Current sensor

From Wikipedia, the free encyclopedia
Jump to navigation Jump to search

A current sensor is a device that detects electric current in a wire, and generates a signal proportional to that current. The generated signal could be analog voltage or current or even a digital output. The generated signal can be then used to display the measured current in an ammeter, or can be store for further analysis in a data acquisition system, or can be used for the purpose of control.

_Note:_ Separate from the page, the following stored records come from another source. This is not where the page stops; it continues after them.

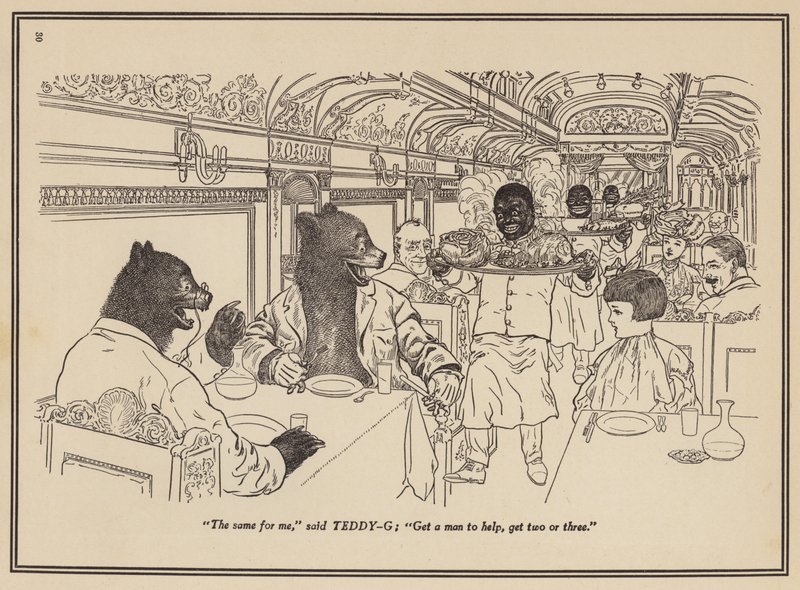 The same for me, said Teddy - G; Get a man to help, get two or three. by Floyd V. Campbell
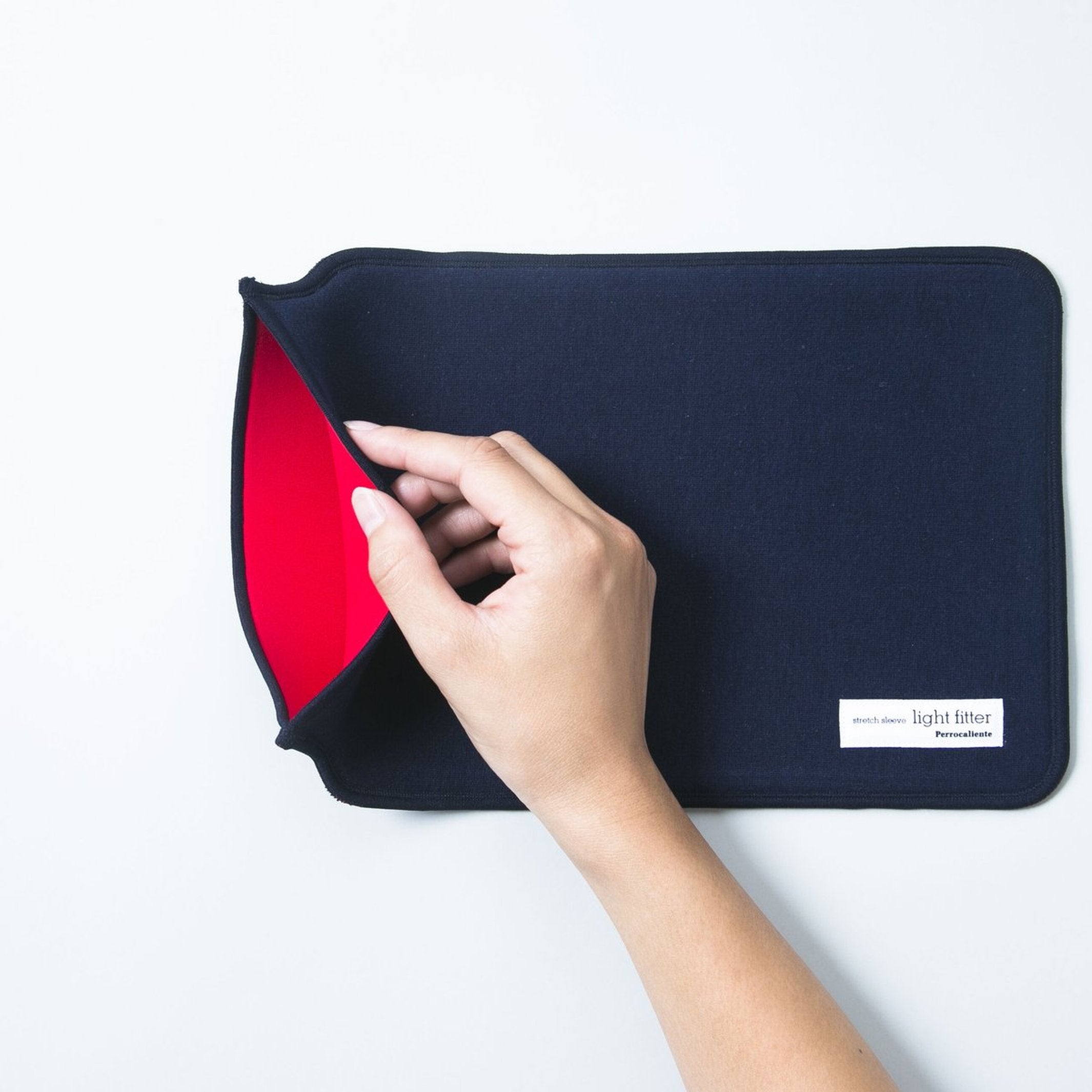 Laptophülle "Light Fitter" – Neopren · Marineblau · 12" | 100percent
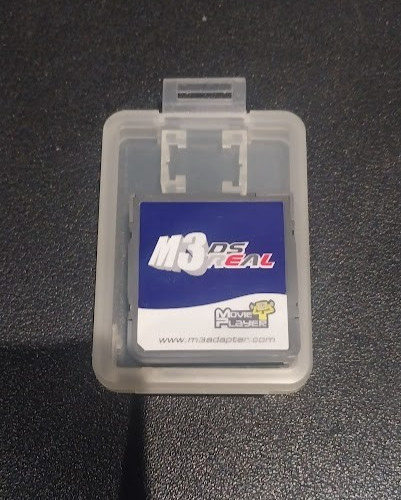 M3 DS Real Movie Player No memory card (TESTED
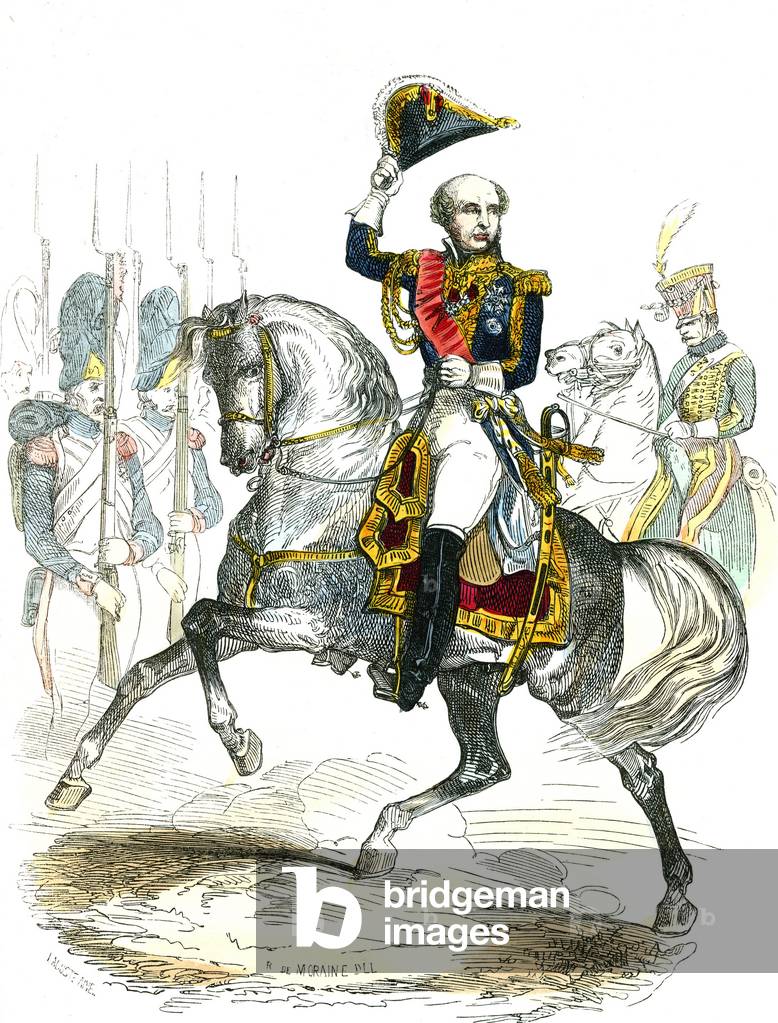Louis Nicolas Davoust (1770-1823), Marechal de Napoleon 1st 1845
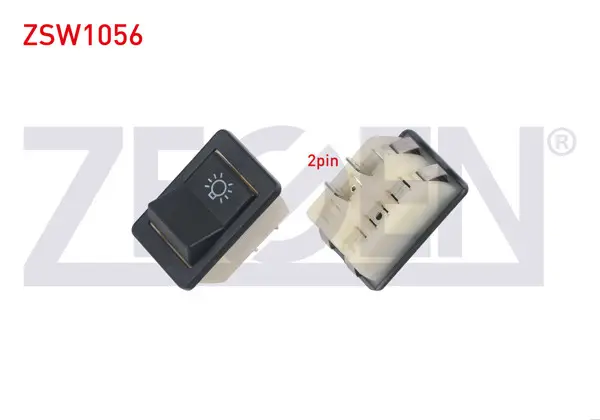 Park Anahtarı 2 Pin Renault 12 1971-2000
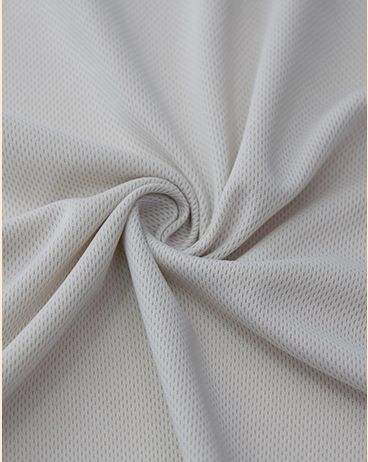 網(wǎng)眼布 銷滌綸快干鳥眼網(wǎng)眼布料戶外運動吸汗服 籃 產(chǎn)品信息 經(jīng)緯編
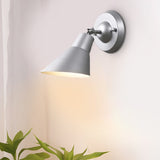 Justerbar modern väggsconce belysning plug-in vägglampa armatur Carvallo
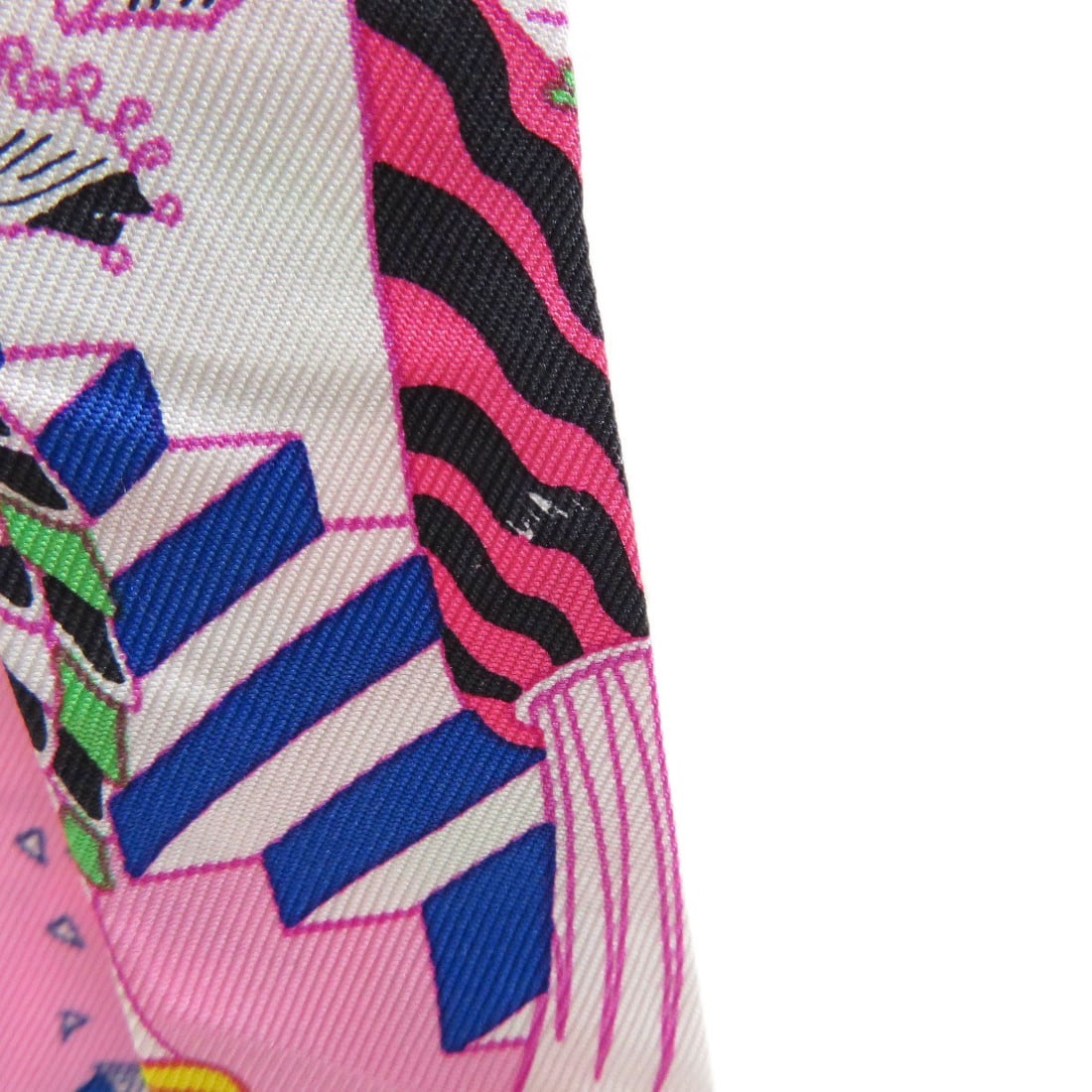 Silk HERMES Twilly Scarf - 5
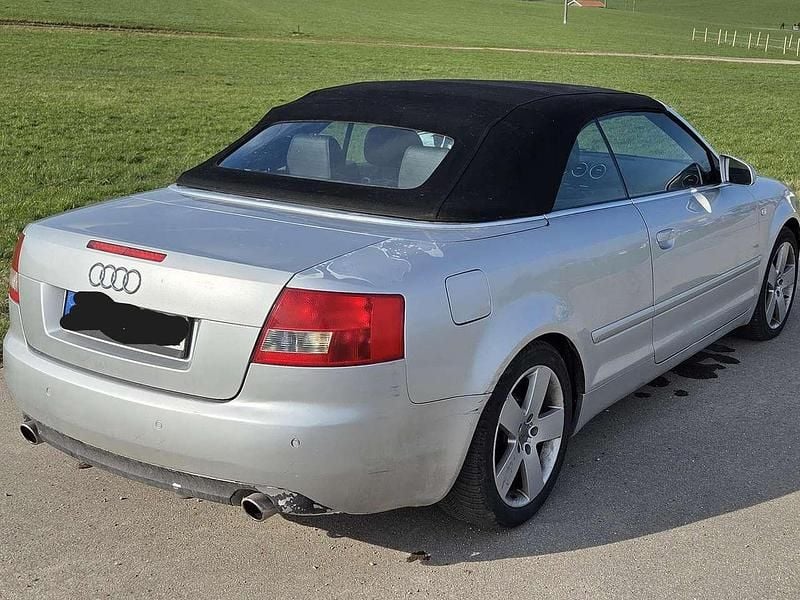 Gebraucht Audi A4 Cabriolet 220 PS (161 kW) 2005 Silber Cabrio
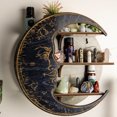 thumbnail image 2 of Enqiretly Treasures Crystals Holder Exquisite Wood Display Stand Decorative Space-Saving Storage Rack Living Room Office Sundries, 2 of 6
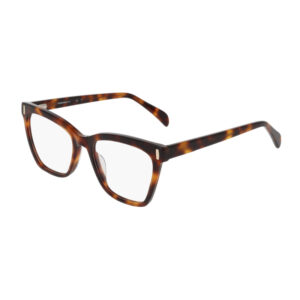 Marchon M-5512 Women's Eyeglasses β Soft Havana, 52mm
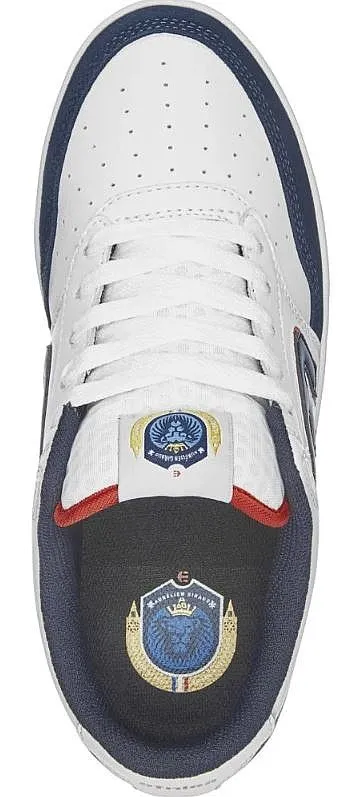 shoes Etnies The Aurelien Michelin - White/Navy/Red - men´s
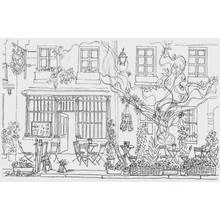 Dessin à colorier: Art Thérapie (Mandalas) #23125 - Coloriages à Imprimer Gratuits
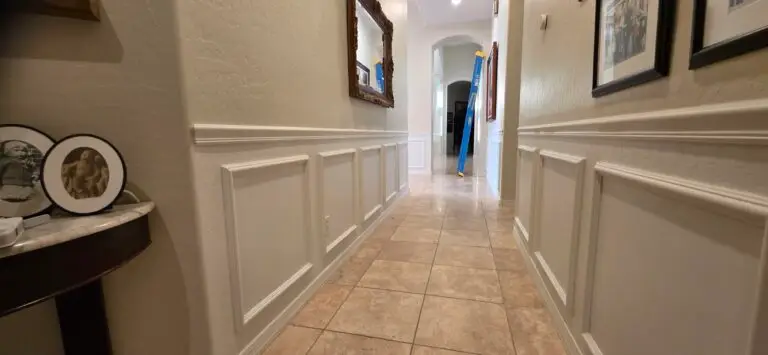 Wainscoting Installation in Mesa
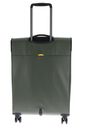 MANDARINA DUCK Eco Coated Exp Trolley M Pine Green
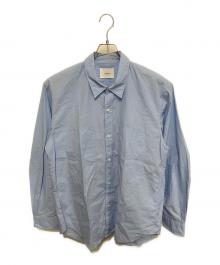 nuterm（ニュータム）の古着「ミリタリースリーシャツ」｜ブルー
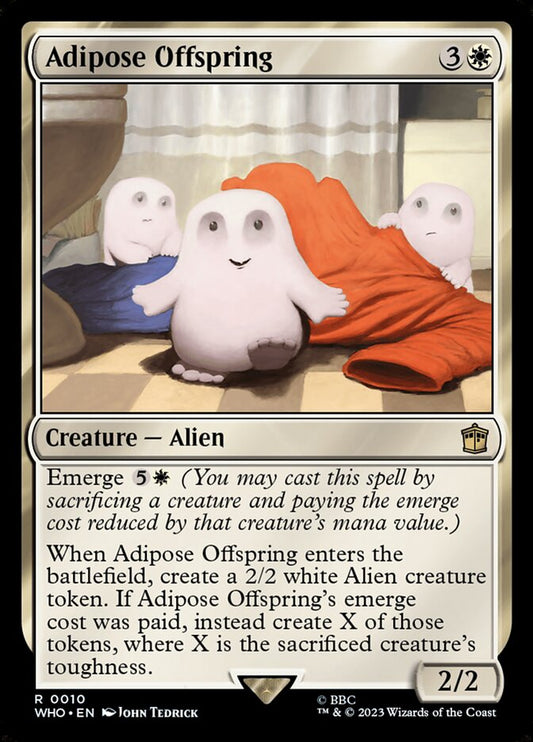 Adipose Offspring [Doctor Who] (10)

The sensed current and the output signal can be:

  • Alternating current input,
    • analog output, which duplicates the wave shape of the sensed current.
    • bipolar output, which duplicates the wave shape of the sensed current.
    • unipolar output, which is proportional to the average or RMS value of the sensed current.
  • Direct current input,
    • unipolar, with a unipolar output, which duplicates the wave shape of the sensed current
    • digital output, which switches when the sensed current exceeds a certain threshold

Technologies[edit]

The Hall Effect current sensor is a type of current sensor which is based on the Hall Effect phenomenon discovered by Edwin Hall in 1879.

Hall Effect current sensors can measure all types of current signals (i.e. AC, DC, or pulsating current).

These sensors are currently being used widely in many industries because of their vast applications and the type of output they provide, which can be manipulated and can be used for various application.